In my last column, we touched on the importance of friends for a long happy life. The Okinawans have a social structure in their lives which seems to help them live longer - called
“Moai (/mo,eye/)
noun:
1. a group of lifelong friends
2. a social group that forms in order to provide varying support including social, financial, health and spiritual interests”
Moai are social support groups that start in childhood and last for up to 100 years! They were originally formed to pool the resources of the entire village in order to have funds for public works. Traditionally, groups of about 5 young children were paired together and, at a very young age made a commitment to each other for life. This group became a kind of second family which would meet regularly for both work and play and to provide support to each other as needed.

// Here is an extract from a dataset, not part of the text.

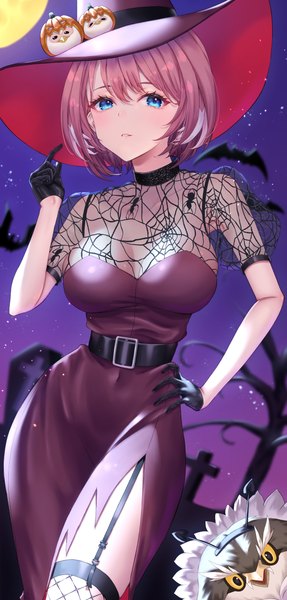 Anime picture 2358x4926 with virtual youtuber hololive takane lui ganmo (takane lui) mary is mine single tall image fringe highres short hair blue eyes light erotic hair between eyes pink hair hand on hip side slit halloween girl thighhighs dress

Dan Buetnner interviewed many Okinawans in their 90s and 100s about the role that their moai had played in their lives.
Gozei Shinzata a lively, active 104 year old described her day:
“In the cool hours of the day she worked in her gardens. At lunch she mixed home made miso into a saucepan of water adding in fresh carrots, radishes, shiitake mushrooms and tofu and let it simmer while she moved up and down the kitchen wiping clean the counter sink and even the windows. When the soup was ready she poured it into a bowl, gazed at it for a few moments, and murmured, “Hara hachi bu”.
This confucian saying, murmured quietly before every meal, reminded her to stop eating when she was 80 percent full. The Okinawans are the only human population that have a self-imposed habit of restricting their daily calories. In the 1300s the book Zazen Yojinki also advised its readers to only eat to two-thirds of their capacity. A Japanese proverb further gets the message home as to why this is a good life time practice:
“Eight parts of a full stomach sustain the man, the other two parts sustain the doctor”. This is a practice most of us could take to heart!

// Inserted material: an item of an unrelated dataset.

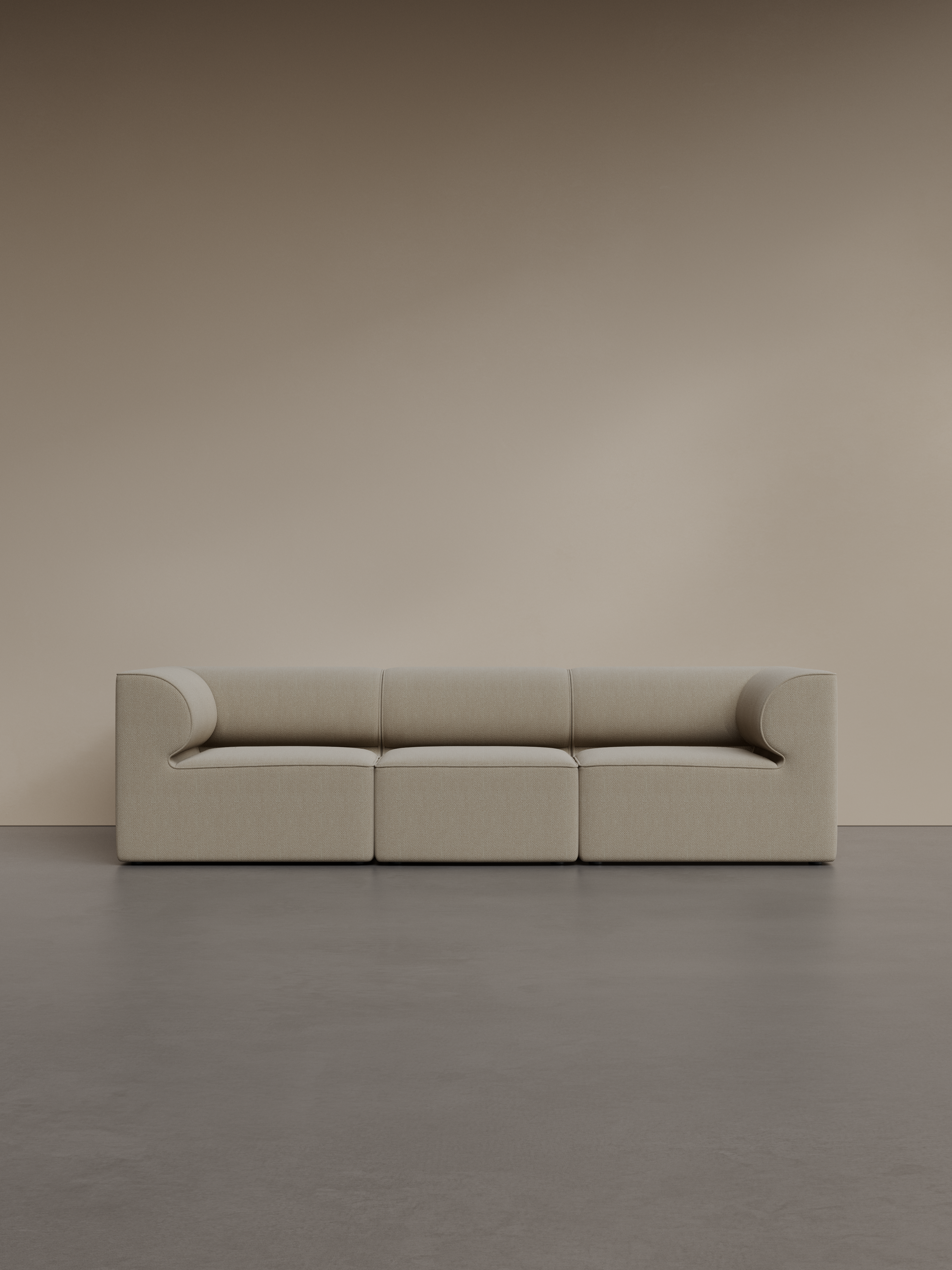 Sofa modułowa EAVE - moduł narożny prawostronny kremowy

After lunch Gozei would read comic books or watch a baseball game on television and nap.
Neighbours stopped by every afternoon to chat. A couple of days a week her moai - 4 women who, together with Shinzata, had committed to one another for life, stopped by for mugwort tea and conversation. When things had gotten rough in her life, like when she'd run short of cash or when her husband had died 46 years ago, she’d counted on her moai and the Okinawan sense of social obligation - yuimaru - to support her. Her friends had relied on her support in return.

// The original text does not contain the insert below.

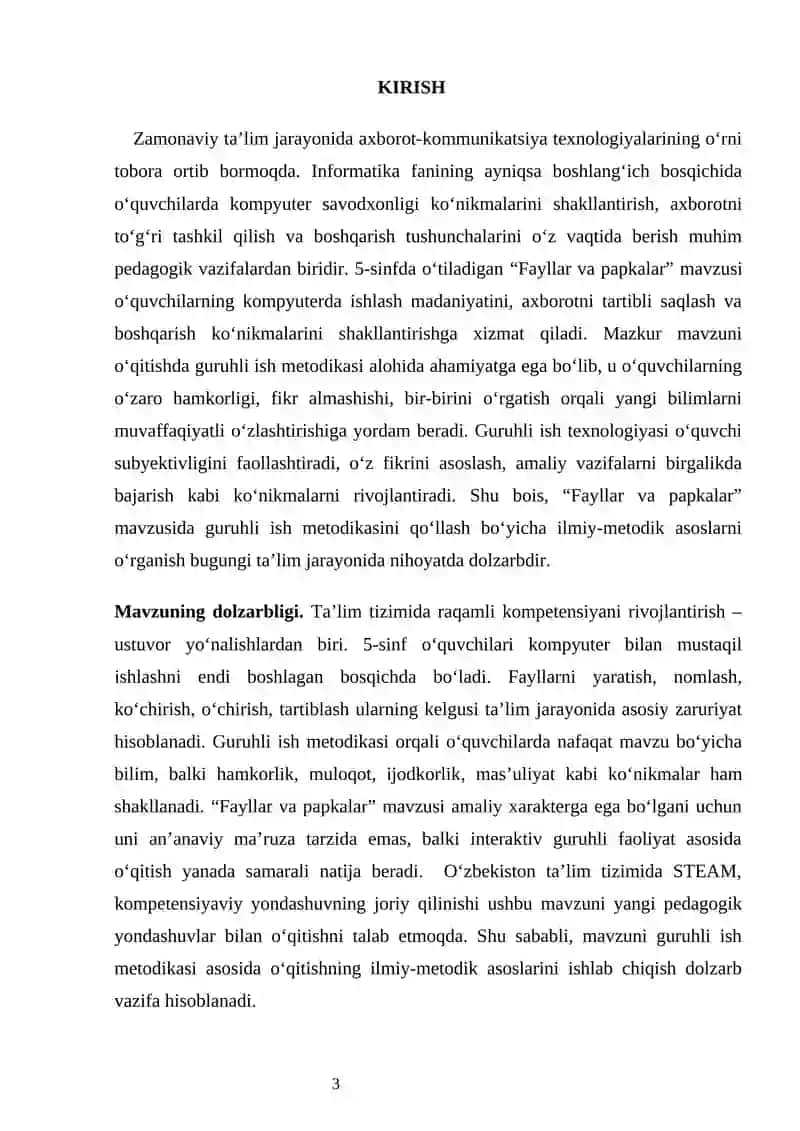 Informatikani o‘qitish metodikasi 3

While Okinawans have moais, Sardinians meet with friends each evening for happy hours and Adventists host weekly meals with their congregations . These strong social connections definitely have a positive long term impact on the health and happiness of individuals. What a wonderful practice! We could all try to incorporate some of these ideas into our lives. Invite friends around for homemade soup and a card game for a fun and inexpensive Sunday evening. Or meet with your bikes and go for a ride on the KVR followed by a coffee together. There are so many ways to enrich our lives with others, why not be the first one to make the call? Reach out and ask a colleague or co-worker to do something relaxed with you or the neighbour you have kept meaning to say hello to! What do you have to lose?